More to the point, by embracing COIN as its new MO, the army in effect abrogated its claim to deliver swift and economical results. Counterinsurgency was “shock and awe” inverted—not quick, not cheap, and seldom conclusive. As such, it proved a hard sell to political leaders and citizens not known for their patience. On one point Sullivan had been right: his countrymen didn’t cotton to protracted, attrition warfare. So although Americans might admire Colonel McMaster’s achievements at Tal Afar, Captain McMaster’s heroics at 73 Easting were more to their liking, and what army leaders had led them to expect.

Petraeus offered deliverance of a sort—he “exemplified the Army finally getting it right in Iraq,” one officer observed—thereby facilitating its escape from Golgotha.
23
Yet COIN could not provide a lasting remedy for the collapse of institutional purpose in Iraq. For the best army in the world, “getting it right” was not the same as winning.

The army’s predicament midway in the Iraq War could be compared to that of the battleship navy after Pearl Harbor. Softening up enemy-occupied islands in the Pacific might qualify as honorable employment, but it was a far cry from what these ships had been designed to do: sink the enemy’s battle fleet. To be consigned to a supporting role was slightly embarrassing and left the battleship’s future looking dim.

So even granting the extravagant claims made by those likening Petraeus to Patton or ascribing to him the qualities of a “maverick savior,” the surge posed a problem.
24
If its “success” in Iraq defined the army’s principal contribution to national security, the service was in trouble.

Indeed, when General Stanley McChrystal’s attempt to export COIN to Afghanistan in 2009–10 fizzled, the counterinsurgency balloon quickly deflated.
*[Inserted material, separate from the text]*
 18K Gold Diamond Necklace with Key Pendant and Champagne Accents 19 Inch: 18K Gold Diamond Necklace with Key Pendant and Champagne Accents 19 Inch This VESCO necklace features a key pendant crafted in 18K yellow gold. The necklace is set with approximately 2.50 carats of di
By 2012, the doctrine that Petraeus (drawing on the achievements of Colonel McMaster) had made his name promoting was just as dead as the power-projection doctrine Sullivan (inspired by the achievements of Captain McMaster) had inaugurated twenty years earlier.

If doubts remained, President Barack Obama removed them. His administration wasn’t giving up on power projection per se. His affinity for drone strikes, commando raids, and cyberattacks made that clear enough. Yet Bush’s successor had little appetite for starting new large-scale land wars. On that score Robert Gates, Rumsfeld’s successor as secretary of defense (retained by Obama), had made the definitive statement, telling the Corps of Cadets at West Point that “any future defense secretary who advises the president to again send a big American land army into Asia or into the Middle East or Africa should ‘have his head examined,’ as General MacArthur so delicately put it.”
25
Gates no doubt intended this to be a headline-grabbing sound bite, and so it proved.
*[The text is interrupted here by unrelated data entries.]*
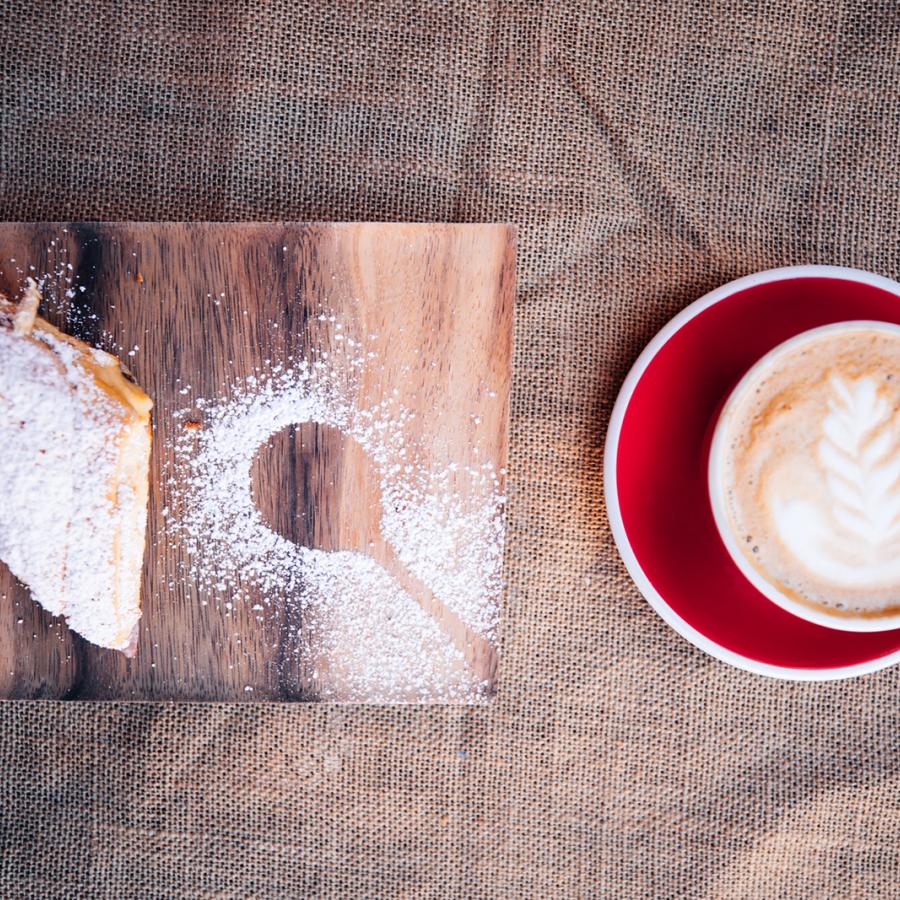 A cup of Puerto Rican coffee and a mayorca.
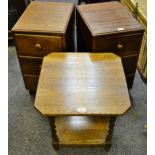 A pair of Homeworthy Furniture mahogany three drawer bedside units; an oak occasional table,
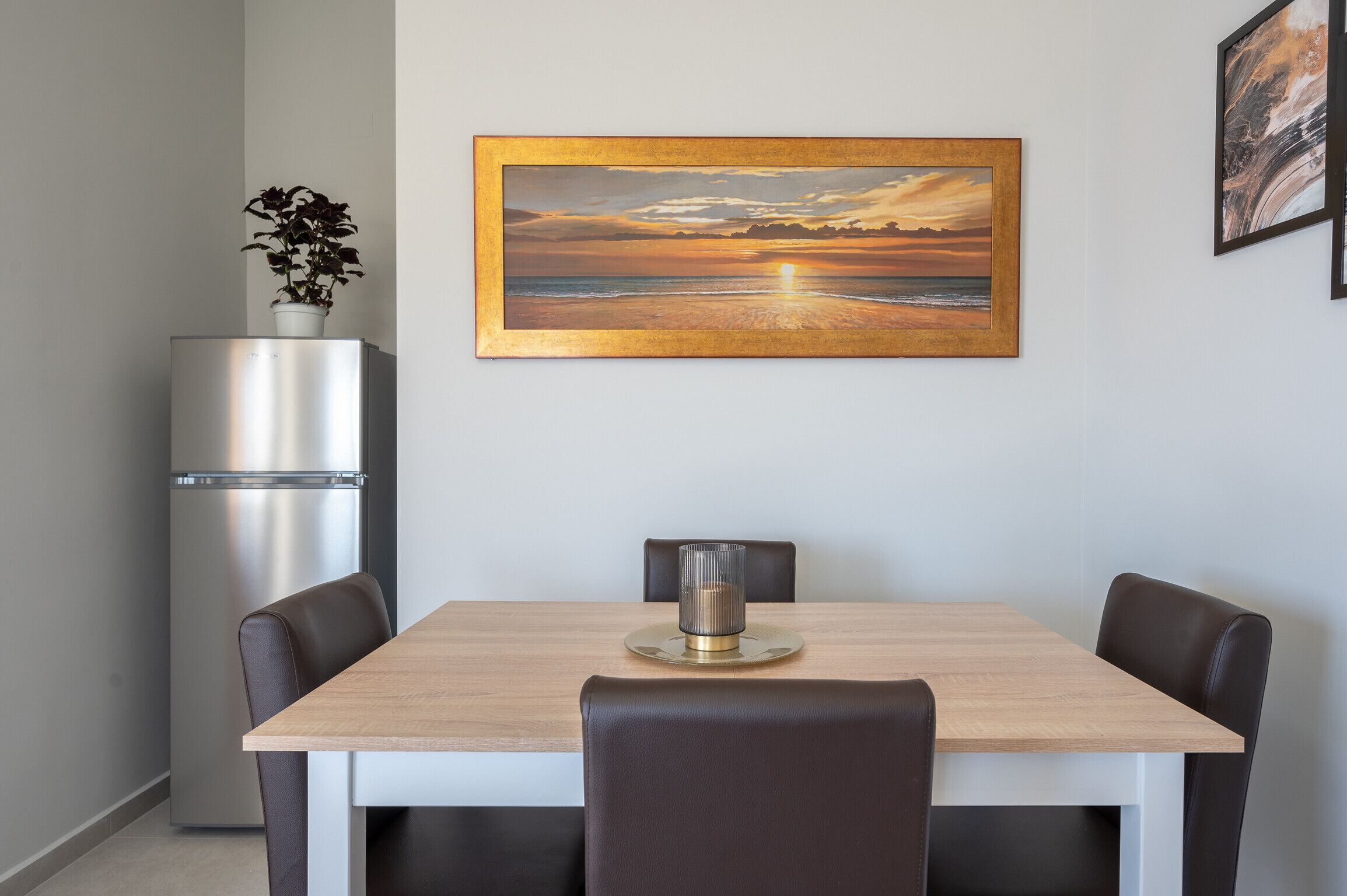 A dining area with a wooden table, four chairs, a stainless steel refrigerator, and a framed painting of a sunset over the ocean.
Unreconstructed hawks objected, of course. In the
Weekly Standard
, William Kristol found Gates guilty of failing to understand “that American power is a crucial force for good in the world” and charged him with “undercutting” the troops.
26
Still, in expressing an aversion to further invasions in the Greater Middle East, Gates accurately gauged the country’s prevailing mood. Generals like Gordon Sullivan could hardly interpret the secretary’s comment as anything other than a backhanded rebuke.

QUESTIONS OF PURPOSE

The serial disappointments of Iraq and Afghanistan—the two longest wars in U.S. history—had surprisingly little effect on the army’s overall standing in the eyes of the American people and American elites. An attitude of cordial indifference—akin perhaps to the way that most nonbelievers view the Sunday morning rituals of churchgoers—continued to prevail. Yet after more than a decade of continuous combat, what exactly did this army exist to do, either in its own eyes or in the nation’s?

A new generation of senior leaders stuck to the old script: the army exists to fight and win the nation’s wars, they insisted. With a fervor matching Gordon Sullivan’s two decades prior, they reasserted his single standard of success: clear-cut, unambiguous victory. Choosing his words with exquisite care, army chief of staff General Raymond Odierno told Congress in 2012 that his service had “successfully concluded” its operations in Iraq while efforts to “transfer security responsibilities” in Afghanistan were ongoing. Having avoided any mention of the
V
-word, he then unblushingly described the army as the “nation’s force of decisive action” ready to win any war “decisively and dominantly.”
27
Army General Martin Dempsey, then chairman of the Joint Chiefs of Staff, echoed these views. With the Pentagon facing the possibility of modest cuts in the overall size of U.S. forces, he insisted that the country possessed “a military that can win any conflict, anywhere.” Reiterating a theme that Sullivan had once propounded, he stubbornly avowed that “capability is more important than size.”
28

Yet the army had emphatically
not
won the conflicts in which Odierno and Dempsey had recently participated. In truth, since 1945 the U.S. Army has not achieved anything approximating victory in any contest larger than policing exercises like the 1983 intervention in Grenada or the 1990 invasion of Panama. The army in which Odierno and Dempsey had ascended to the top could win battles, of that there was little doubt. Yet its ability to achieve real success in any war worthy of the name was subject to considerable question. At the end of the day, it’s outcomes that count, and the American army had struggled mightily to deliver the outcomes promised.
29

In the spring of 2012, Colonel Gregory A. Daddis, a historian teaching at West Point, conceded, “We’re not really sure right now what the Army is for.”
30
Here was candor rare among serving officers and virtually nonexistent at the three- and four-star level. In the navy, the air force, and the Marine Corps, no such existential confusion existed.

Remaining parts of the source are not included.